Captioned web images:
++++++++++++++++++++
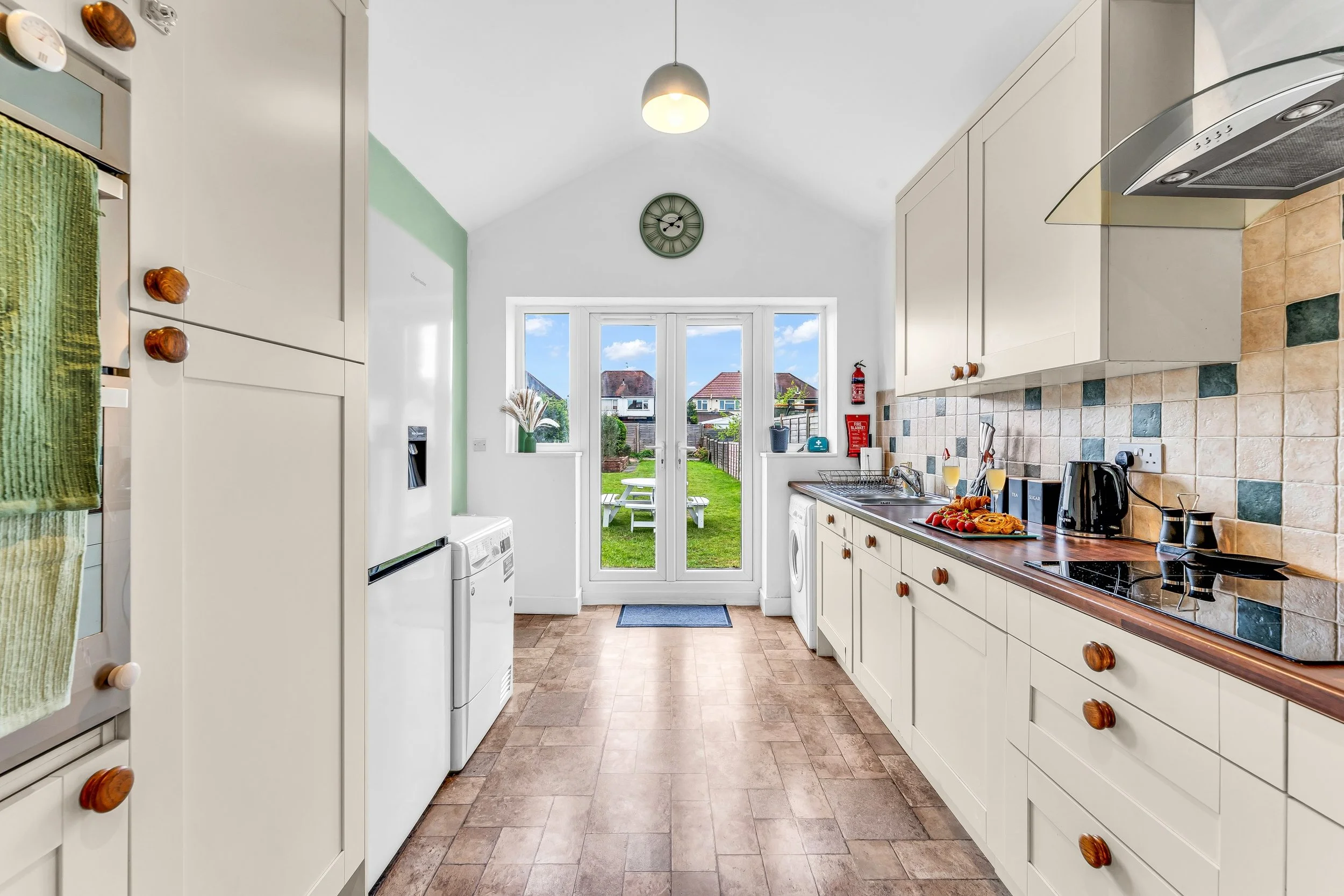Professional Airbnb Property Photography, video &amp; staging
✔ Nationwide coverage
✔ 48hr delivery or less
✔ Optimised to maximise clicks &amp; bookings
✔️ Multi-property discounts

Book in now 💯
www.snapriseuk.co.uk
Let&rsquo;s elevate your proper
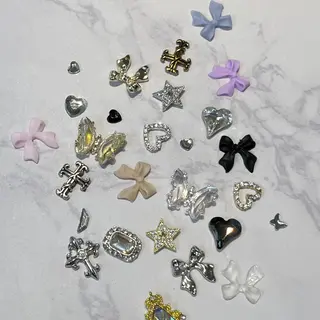 ネイル 秋本 栞のネイルデザイン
++++++++++++++++++++
Since the pictures are not wanted, copy only the text of the records above, exactly.

Completed exercise:
Professional Airbnb Property Photography, video &amp; staging
✔ Nationwide coverage
✔ 48hr delivery or less
✔ Optimised to maximise clicks &amp; bookings
✔️ Multi-property discounts

Book in now 💯
www.snapriseuk.co.uk
Let&rsquo;s elevate your proper
 ネイル 秋本 栞のネイルデザイン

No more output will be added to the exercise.